HOME

The project HOME is the result of the artistic residence "Living Art - Photography Field Trip" that I attended in September 2012, at the Robinson Foundation, in Portalegre, a town in the Alentejo, in central Portugal. With the Foundation as subject, the participants were given total creative freedom.
The Robinson Foundation occupies the premises of the old Robinson Cork Factory, that was active from 1848 to 2009. After the factory’s liquidation, the Robinson Foundation (created in 2005) tried to recover its heritage and find different ways to renew and bring life back to the old complex. The renovation project was commissioned to Eduardo Souto de Moura, and Graça Correia, two internationally acclaimed Portuguese architects.
The main purpose of the Robinson Foundation is to ensure that the buildings of the old factory don't die.

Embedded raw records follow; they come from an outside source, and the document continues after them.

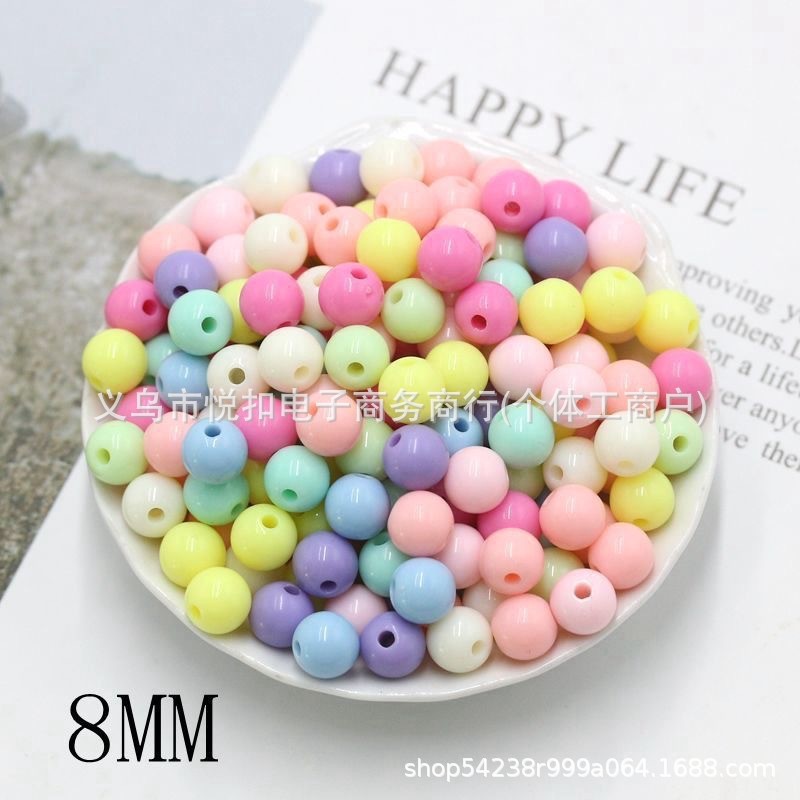 Macaron color DIY material 6*9 barrel beads rice beads loose beads small rice beads large hole handmade beaded jewelry accessories wholesale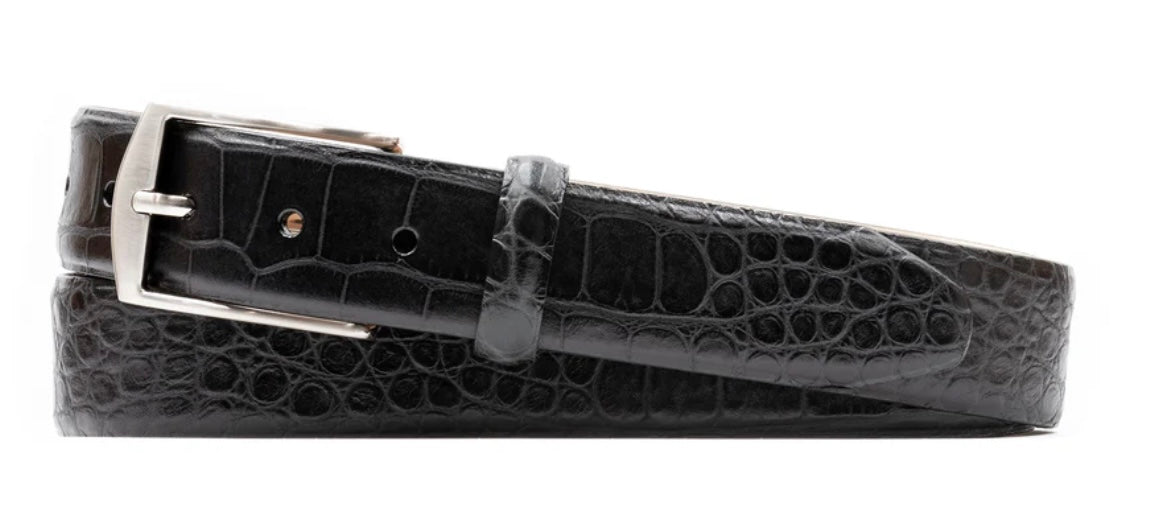 Martin dingman William 2 buckle black alligator grain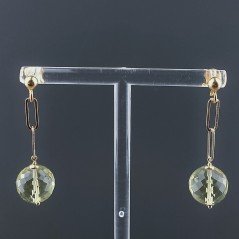 Orecchini Graffetta In Argento 925 A Nodo Orafo Dorato Con Quarzo Limone Idrotermale Tondo Sfaccettato A Mano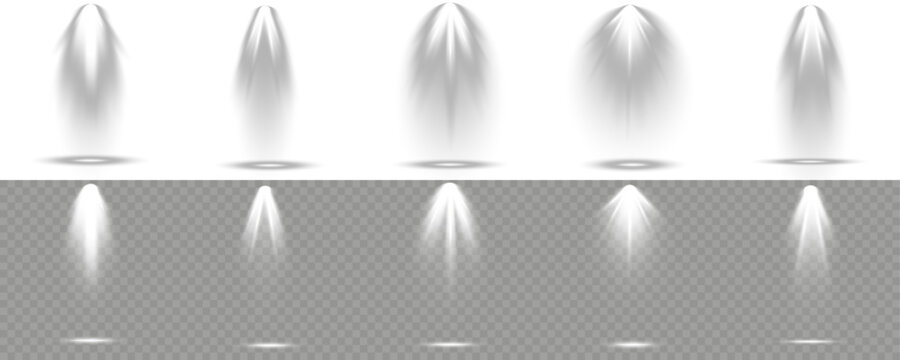 Bundle of lens flash white, professional studio lighting.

In order to do so, it tried to create a movement called "New Inhabitants of the Robinson Space" and sent out invitations to several local, cultural and artistic associations, asking them to consider relocation to the old factory.
However, due to reasons beyond the control of the Foundation, the project was blocked and the relocations delayed and postponed to an unspecified future date. The effect was demoralising to all the prospective "New Inhabitants of the Robinson Space", already struggling with the idea of sharing the same space with other groups.
The plan proposes specific areas for each of the associations, such as specially designed classrooms and rehearsal rooms, and several other common areas: an administrative office, a coffee shop, and a trophy and recreational room. The sharing of these spaces has met considerable resistance. Several groups maintain that their specific rooms contain features which help define and shape the identity of their association. And so sharing them in the future, would result in a loss of individual identity.
When I realised that the relationship between the groups and their own symbolic rooms went beyond the material aspects, I thought it was relevant to register them. The usage of these spaces is now at an impasse: uncertain about their future and fully aware of their past, as if reflected in each wall. This was my starting point.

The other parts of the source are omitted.